Book Review: Dinosaurs: How They Lived and Evolved

Darren Naish and Paul Barrett
Smithsonian, 2016: 224pp.

Naish, a paleozoologist, and Barrett, a paleontologist, have given us an altogether splendid treatment of what, as of just a couple of years ago (this business changes fast, especially regarding feathers) we know about dinosaurs.  This isn’t a competitor to Steve Brussate’s 2018 The Rise and Fall of the Dinosaurs, with which it will often be compared: rather, these books are complementary.  
Where Brusatte presented a highly readable story, beginning to end, Naish and Barrett dig (literally) into the meat and bones of dinosaur evolution.  Barrett’s book chronicles what happened, mixed with discovery stories and asides on the science: Naish and Barrett tell why and how it happened. Dinosaurs starts with an overview chapter, then goes into the complexities of the family trees, then chapters on anatomy and on biology, ecology, and behavior.  They provide a fascinating chapter on the origin of birds and how they survived and thrived up to the present day, showing what we know of Mesozoic-era birds and what features survived into the birds of today. Birds also offer clues we can trace back to look at dinosaurs:  those sluggish reptiles we saw in our childhood books can in part be blamed on an overreliance on modern reptiles as the models. These two scientists draw on both models, as appropriate, as they make clear how countless dinosaur features, from feathers to femurs, evolved and worked.  
The book is sumptuously illustrated, drawing heavily for photos on the collection of the Natural History in London but including vivid artistic depictions.  Clear line drawings explain the anatomical features and how researchers have figured them out (or, in some cases, why they are still puzzling.)  Another valuable bit is the authors' ability to explain how we know so much from fossils, what kind of clues (like tooth wear demonstrating feeding habits) we can get through traditional and modern exam techniques.  
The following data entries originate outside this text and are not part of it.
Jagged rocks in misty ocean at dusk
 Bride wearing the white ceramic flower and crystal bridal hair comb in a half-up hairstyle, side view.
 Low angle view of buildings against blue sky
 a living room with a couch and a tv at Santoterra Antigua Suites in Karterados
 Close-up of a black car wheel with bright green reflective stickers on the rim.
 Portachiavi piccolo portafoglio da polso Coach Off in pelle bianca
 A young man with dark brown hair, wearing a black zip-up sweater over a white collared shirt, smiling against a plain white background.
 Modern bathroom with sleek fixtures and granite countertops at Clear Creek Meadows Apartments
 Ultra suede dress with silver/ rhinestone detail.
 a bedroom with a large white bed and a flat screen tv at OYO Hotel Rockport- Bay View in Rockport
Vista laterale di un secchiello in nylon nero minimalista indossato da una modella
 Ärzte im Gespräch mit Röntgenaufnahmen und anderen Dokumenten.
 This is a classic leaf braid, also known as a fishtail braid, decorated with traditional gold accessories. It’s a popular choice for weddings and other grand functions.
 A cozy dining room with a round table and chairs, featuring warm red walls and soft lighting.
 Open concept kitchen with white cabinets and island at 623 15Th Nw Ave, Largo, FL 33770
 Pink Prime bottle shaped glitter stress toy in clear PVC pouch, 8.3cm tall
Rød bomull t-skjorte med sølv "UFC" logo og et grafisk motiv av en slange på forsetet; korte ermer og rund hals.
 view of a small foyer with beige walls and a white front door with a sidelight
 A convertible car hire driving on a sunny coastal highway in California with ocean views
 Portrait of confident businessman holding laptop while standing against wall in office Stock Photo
American readers need not fear the British authors have slighted our favorite dinos: Triceratops and T. rex and the other North American denizens of the Mesozoic, especially the Cretaceous, get full treatment here. The authors close with a thorough examination of the extinction event and the aftermath.  
The authors get just a little too dry in spots for this nonscientist dino aficionado, and the structure of the book lends itself to too many “we will look in detail at this later” statements.  These are quibbles, though.  If you hand this book and Brusatte’s to your favorite dino-lover, you’re not going to see that person again for a week.